The improvement was driven by the following items and fairly consistent with the prior quarter. We lapped investments made in the prior year fourth quarter, resulting in approximately 120 basis point improvement.
Second, improved margin associated with price increases and improved mix across several markets resulted in approximately 200 basis point further improvement in margin. Third, currency had a modest favorable impact on the rate of approximately 20 basis points.
Offsetting these favorable improvements were unfavorable impacts of the investments made to support our portfolio changes noted above, which decreased margins by approximately 260 basis points. Overall, the gross margin rate was slightly better than expected as commodity headwinds were again offset by other procurement savings, which brought our full year gross margin rate improvement to 200 basis points on a year-over-year comparative basis.
A&P as a percent of net sales was 9.7%, an increase of 240 basis points compared to the prior year fourth quarter. As we discussed on last quarter's call, this increase was expected and supports our innovation and portfolio changes as we move into the holiday season.
SG&A spending, excluding acquisition and integration costs, was $96.3 million or 20.7% in the current quarter, an 80 basis point decrease compared to the prior year fourth quarter. On an absolute dollar basis, SG&A increased $3.5 million and was impacted, in part, by overhead costs associated with the hurricane-related activity, including broker and merchandising cost.
Our ex-unusual effective tax rate for the full year was 28.4% compared to 29.8% in the prior year. The current year benefited from a favorable tax benefit from our book provision to tax return reconciliation associated with our federal return, which was recorded in the third quarter.
In addition, the negative tax impact associated with repatriated earnings were higher in the prior year. Looking at our balance sheet, we ended the year with $378 million in cash, substantially all of it held offshore.
Out debt level at the end of year was approximately $1.1 billion, essentially unchanged from last quarter. And we maintained our debt-to-EBITDA at roughly 2.8 times on a trailing-12 month basis.
We generated free cash flow of $44 million in the current quarter compared to $41 million in the prior year fourth quarter with the improvement driven by lower capital spending quarter-over-quarter. For the full year, we generated $199 million of free cash flow compared to $167 million in the prior year.
The current year included $27 million from asset sales associated with several non-core international properties. Free cash flow generated from our strong operating performance was offset by higher working capital, including higher accounts receivable resulting from hurricane-related sales and increased inventory in support of our innovation, portfolio changes and changes to our manufacturing footprint being executed during the first half of fiscal year 2018.
We expect this increased level of working capital is temporary, and will normalize as we move through fiscal year 2018. In the quarter, we paid a dividend of $17 million.
And on a year-to-date basis, we paid approximately $69 million. During the fourth quarter, we repurchased 1.2 million shares of common stock for $50 million.
For the full year, we repurchased 1.4 million shares of common stock for $59 million or an average cost of $42.23 per share.
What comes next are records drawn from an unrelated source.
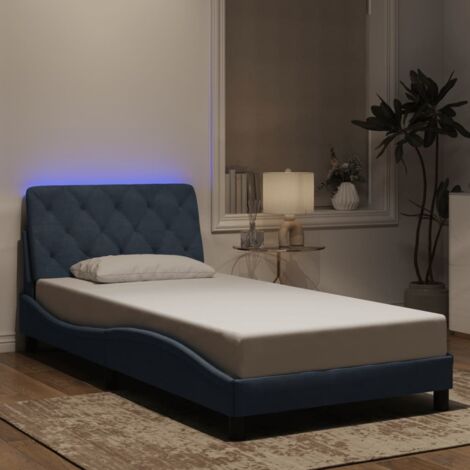 Cadre de lit LED gris foncé 100x200cm en velours - sans matelas (1/4)
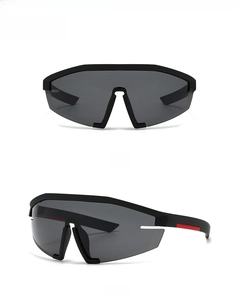 Front and 45-degree side view of oversized one-piece wrap sports sunglasses in black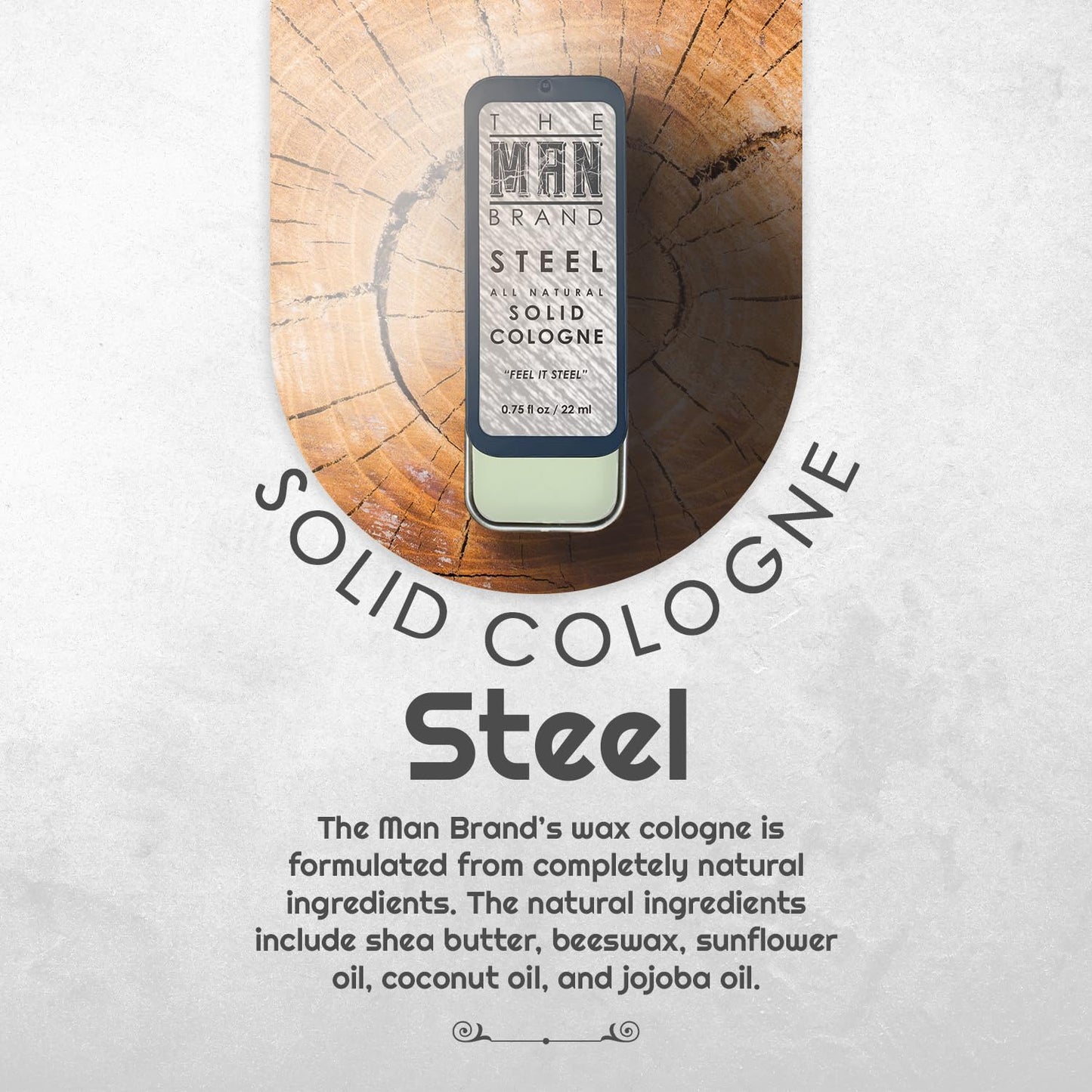 Steel Solid Cologne 0.75 oz - Natural Men's Cologne - Redefined men's fragrance Wax Cologne, Steel Travel Size Cologne for men - Solid Cologne Men's Steel Scent (3/4 Ounce (Pack of 1), Steel)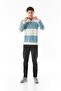 Color Block Half Zippered Stand Collar Sweatshirt - 5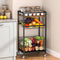 Fruit Vegetable Cart, 3-Tier Snack Kitchen Cart on Wheels & Wood Top,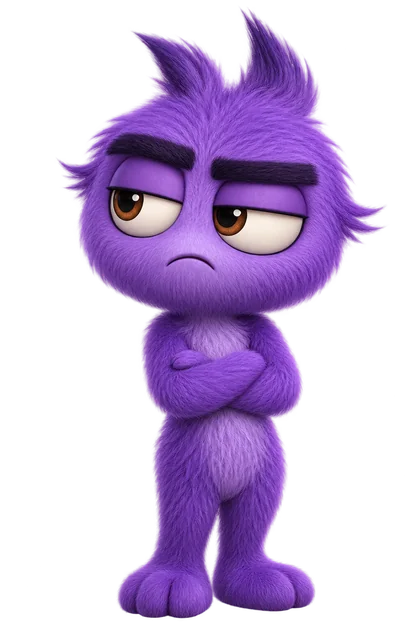 Purple unimpressed MoodMatch character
In total, through both dividends and share repurchase, we've returned $128 million to our shareholders during the year, which represented nearly two-thirds of the free cash flow generated in fiscal year 2017.
We will continue to take a balanced approach to capital allocation by investing in our business to support long-term growth, returning capital to our shareholders through a meaningful dividend and opportunistic share repurchases, and finally, pursuing M&A opportunities that are right fit for Energizer. Since separation, we demonstrated our commitment to pursuing a balanced approach in our capital allocation.
Now, turning to our outlook for the upcoming fiscal year 2018, as Alan mentioned earlier in his remarks, we expect earnings per share to be in the range of $3 to $3.10. It is important to keep in mind that we are lapping significant hurricane activity in fiscal year 2017 that contributed approximately $26 million in net sales and $0.08 to earnings per share.
In addition, fiscal year 2017 included seven months of results for the divested ad specialty business sold on May 1, which contributed approximately $7 million in net sales and approximately $2 million of operating profit. Before I walk through the remainder of our outlook, I want to recall how the current year unfolded on a quarter-by-quarter basis as it will be helpful as we look forward to expectations for the upcoming fiscal year.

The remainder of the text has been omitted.